Ilia continued his education at a Tbilisi boarding school, and later at the court gymnasium (high school). His parents died at a young age, and the orphaned children were entrusted to the care of their aunt Macrina.
In 1857 Ilia enrolled in the law school at St. Petersburg University. There he read a great deal and struggled to improve himself as an individual. He was fascinated by Georgian history and spent much of his time in the St. Petersburg archives in search of old Georgian texts. His academic achievements were outstanding, but he was uninterested in receiving an official diploma from the school of law. In his fourth year he dropped out of the program and returned to Georgia.
Ilia was certain that a nation that forgets its own history “is like a beggar who knows neither his past nor where he is going.” For this reason he sought to inspire his fellow countrymen with the past glories of their nation and the loyalty of their forefathers to the Christian Faith and the Georgian nation.
The restoration of national independence and the autocephaly of the Georgian Church were the chief objectives toward which St. Ilia strove in every aspect of his life. As a means by which to achieve these goals, Ilia took up the work of a historian: he conducted intensive research and exposed those who had falsified history and dishonored the Georgian nation.
This great philosopher, writer, and historian often repeated the statement “A nation whose language is corrupted can no longer exist as a nation.” He cared deeply about the Georgian language and fought to ensure that it remained the primary language taught in schools.

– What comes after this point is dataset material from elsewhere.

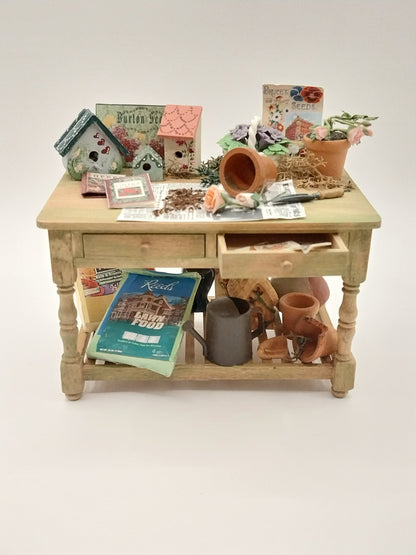 Gardeners Table Filled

Ilia inspired many with his patriotic zeal, and he founded the Society for the Propagation of Literacy among the Georgians. He established a depository of Georgian manuscripts and antiquities. In addition he initiated a movement to document oral folk traditions and helped to found the Georgian Agrarian Bank.

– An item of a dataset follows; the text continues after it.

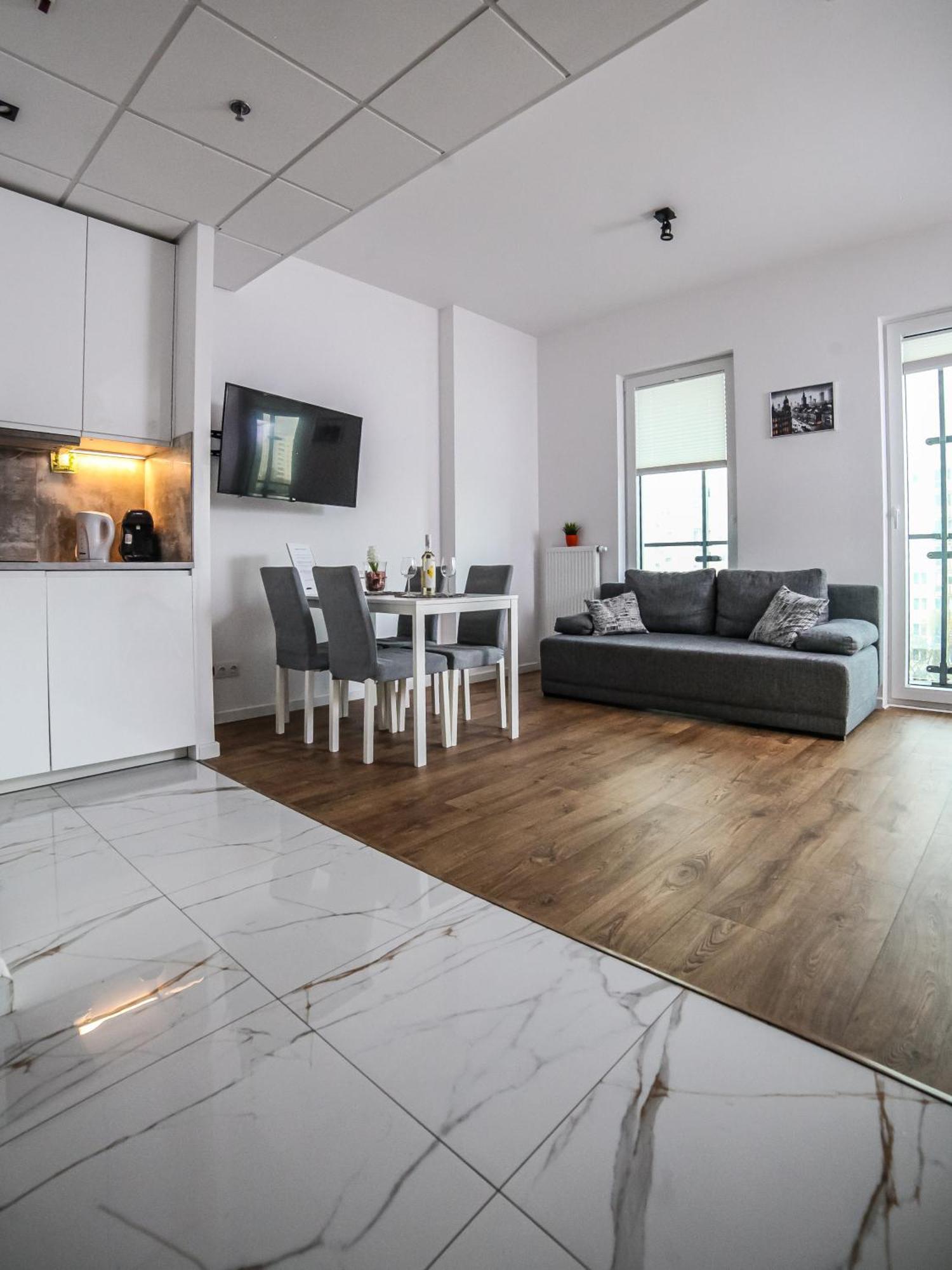 Big City Life Apartments - Bliska Wola Tower A วอร์ซอ ภายนอก รูปภาพ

Ilia the Righteous was often heard declaring, “We, the Georgian people, have inherited three divine gifts from our ancestors: our motherland, our language and our faith. If we fail to protect these gifts, what merit will we have as men?”
But Ilia’s righteous deeds were an affront and threat to those who adhered to the new atheist ideology, so they plotted to kill him. On August 30, 1907, Ilia Chavchavadze and his wife, Olga (Guramishvili), had just set off from Tbilisi for Saguramo when their carriage stopped abruptly outside of Mtskheta, near Tsitsamuri Forest.
They were awaited by a band of militant social democrats who attacked them and shot Ilia to death.
The Military Court of the Caucasus sentenced Ilia Chavchavadze’s murderers to death by hanging. But Ilia’s wife Olga requested that the governor-general pardon her husband’s murderers. She asserted that, if Ilia had survived, he would have done the same, since the killers were simply his “unlucky brothers gone astray.”
Indeed, Ilia had forgiven his murderers’ offense long before, in his prophetic poem “Prayer”:
Our Father Who art in Heaven!
With tenderness I stand before Thee on my knees;
I ask for neither wealth nor glory;
I won’t debase my holy prayer with earthly matters.
I would wish for my soul to rest in heaven,
My heart to be radiant with love heralded by Thee,
I would wish to be able to ask forgiveness of mine enemies,
Even if they pierce me in the heart:
Forgive them, Lord, for they know not what they do!
In 1987 the Holy Synod of the Georgian Orthodox Church considered the deeds of Ilia Chavchavadze before God and his country and decreed him worthy to be numbered among the saints. He was joyously canonized as St. Ilia “the Righteous.”